Tracking issue #27783 is the tracking issue for the alloc crate and, historically, some other crates. Although I could not find much discussion of that, I believe it has been kept unstable so far because of uncertainty of what the eventual desired crate structure for the standard library is, given infinite time and resources.

In particular, should we have a single crate with some mechanism for selectively disabling or enabling some of the crates components, depending on which runtime dependencies are available in targeted environments? In that world, the no_std attribute and standard library crates other than std would be unnecessary.

By stabilizing the alloc crate, we commit to having it and its public API exist “forever”.

Rationale and alternatives

Single-crate standard library

The core and the no_std attribute are already stable, so in a sense its already too late for the “pure” version of the vision described above where std really is the only standard library crate that exists.

It may still be desirable to regroup the standard library into one crate, and it is probably still possible. The core crate could be replaced with a set of pub use reexport to maintain compatibility with existing users. Whatever the eventual status for core is, we can do the same for alloc. PR #51569 mentioned above also hopes to make this easier.

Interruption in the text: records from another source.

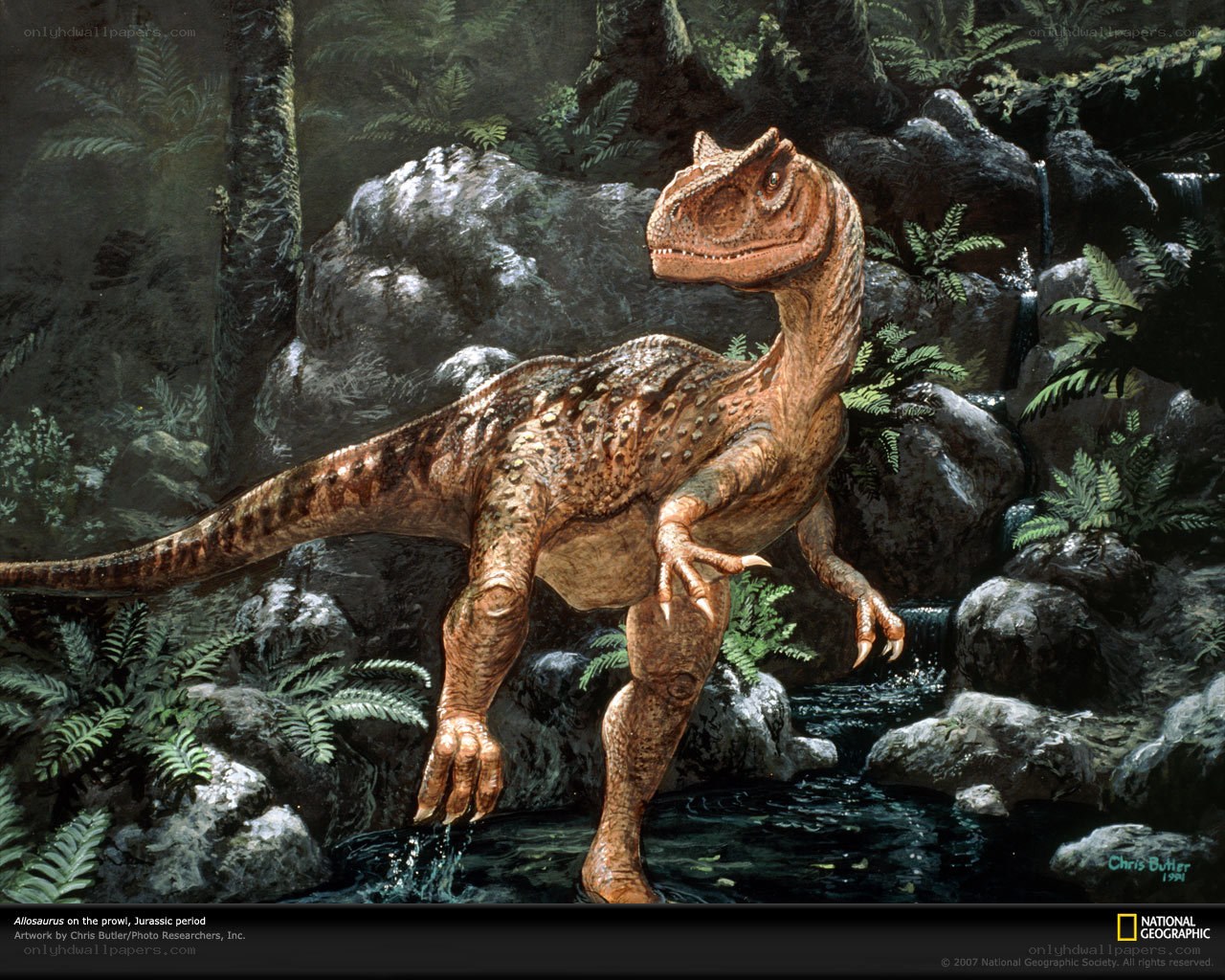 Allosaurus in prehistoric forest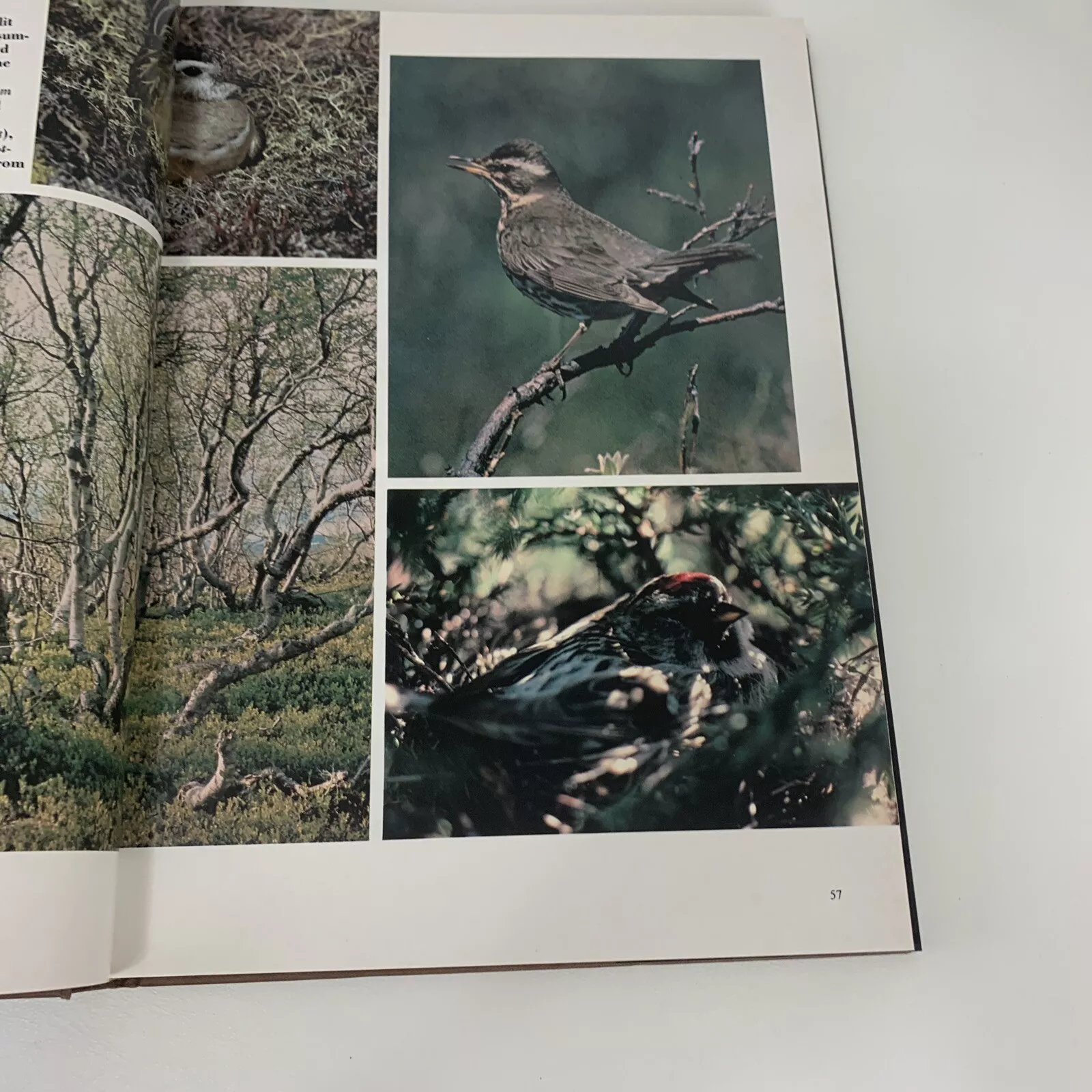 Wilderness Expeditions Hardcover – January 1, 1981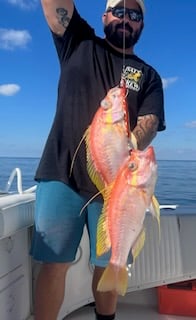Hogfish Fishing in Destin, Florida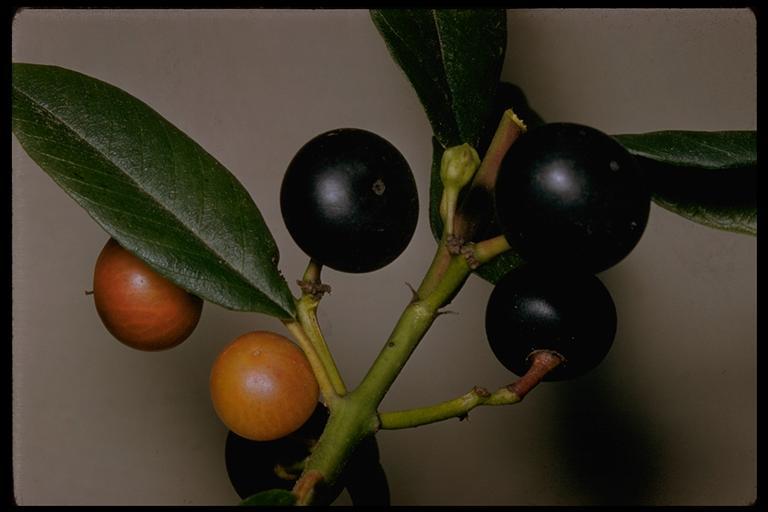 Image de Frangula californica (Eschsch.) A. Gray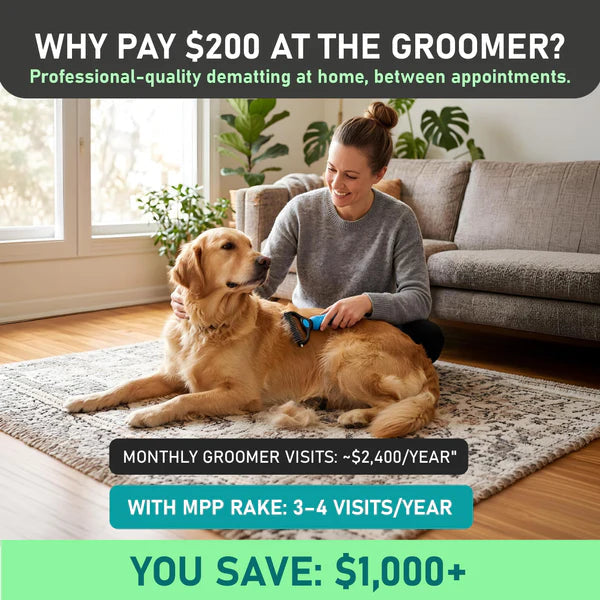 Woman sitting on a rug at home grooming a golden retriever with the blue rake, with loose fur beside them. 2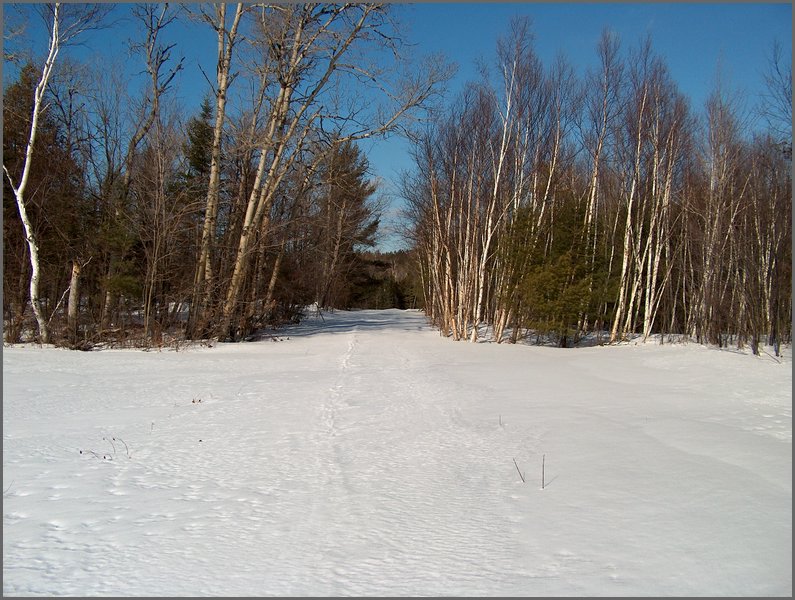 Winter_Road_13.jpg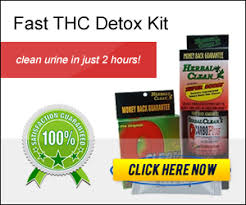 On this day, you will be able to pass a drug test. How To Pass A Urine Drug Test For Weed In 2021 Clean And Healthy Me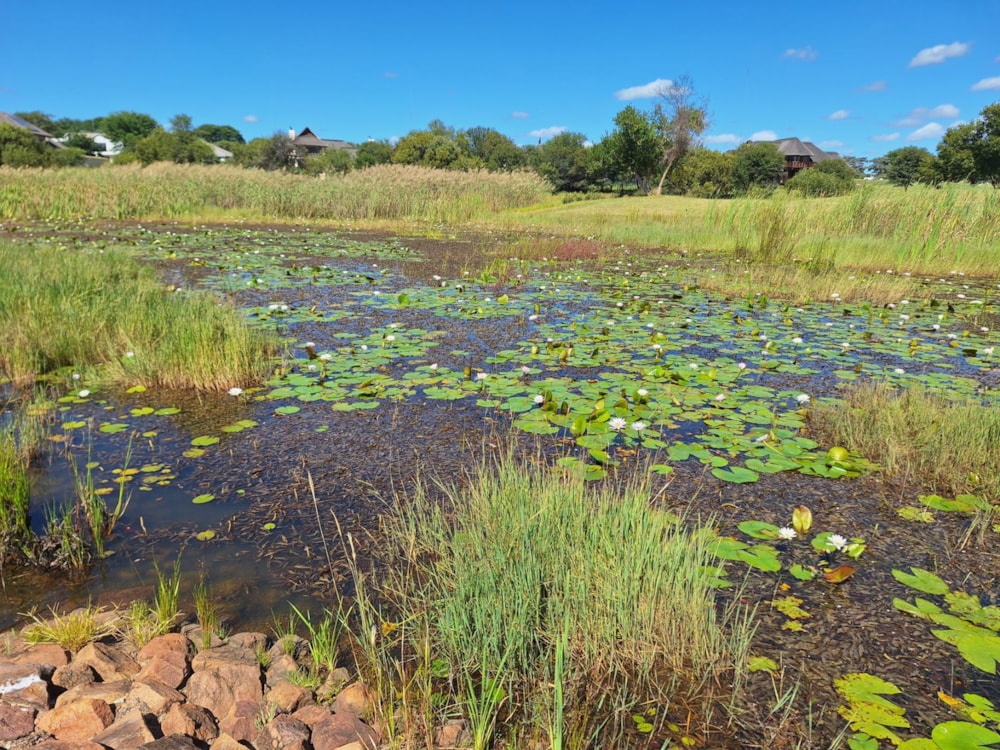 Vacant land for sale in Modimolle (Nylstroom) - 1MDM1666242 Vacant land for sale in Modimolle (Nylstroom) - 1MDM1666242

While we want to leave the possibility open for it, at the time of this writing there are no concrete plans for implementing such a standard library crates unification any time soon. So the only alternative to this RFC seems to be leaving heap allocation for no_std in unstable limbo for the foreseeable future.

Require randomness

PR #51569 proposed adding a source of randomness to the other requirements made by the alloc crate. This would allow moving std::collections::hash_map::RandomState, and therefore HashMap (which has RandomState as a default type parameter), into alloc.

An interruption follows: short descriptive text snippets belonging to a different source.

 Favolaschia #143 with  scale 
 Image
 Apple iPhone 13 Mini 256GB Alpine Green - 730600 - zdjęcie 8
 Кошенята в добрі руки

This RFC chooses not to do this because it would make it difficult to use for example Vec<T> in environments where a source of randomness is not easily available.

I hope that the language will eventually make it possible to have HashMap in alloc without a default hasher type parameter, and have the same type in std with its current default.

Although I am not necessarily in favor of continuing the increase of the number of crates in the standard library, another solution for HashMap in no_std might be another intermediate crate that depends on alloc and adds the randomness source requirement.

Additionally, with this RFC it should be possible to make https://crates.io/crates/hashmap_core compatible with Stable Rust. The downside of that crate is that although based on a copy of the same code, it is a different type incompatible in the type system with std::collections::HashMap.

Prior art

I am not aware of a mechanism similar to no_std in another programming language.

Newlib is a C library for “embedded” systems that typically dont have an operating system. It does provide a memory allocator through malloc and related functions, unconditionally.

Unresolved questions

  • Did I miss something in PR #51569 that makes alloc not a subset of std? A double-check from someone else would be appreciated.

  • Should the crate be renamed before stabilization? It doesnt have exclusivity for memory-allocation-related APIs, since the core::alloc module exists. What really characterizes it is the assumption that a global allocator is available. The name global_alloc was proposed. (Although the crate doesnt only contain the global allocator itself.)

  • ~Should the alloc::prelude module be moved to alloc::prelude::v1? This would make the alloc module structure a subset of std without exception. However, since this prelude is not inserted automatically, it is less likely that well ever have a second version of it. In that sense it is closer to std::io::prelude than std::prelude::v1.~ Done in PR #58933.

  • In addition to being a subset of std, should the alloc crate (by itself) be a super-set of core? That is, should it reexport everything that is defined in core? See PR #58175 which proposes reexporting core::sync::atomic in alloc::sync.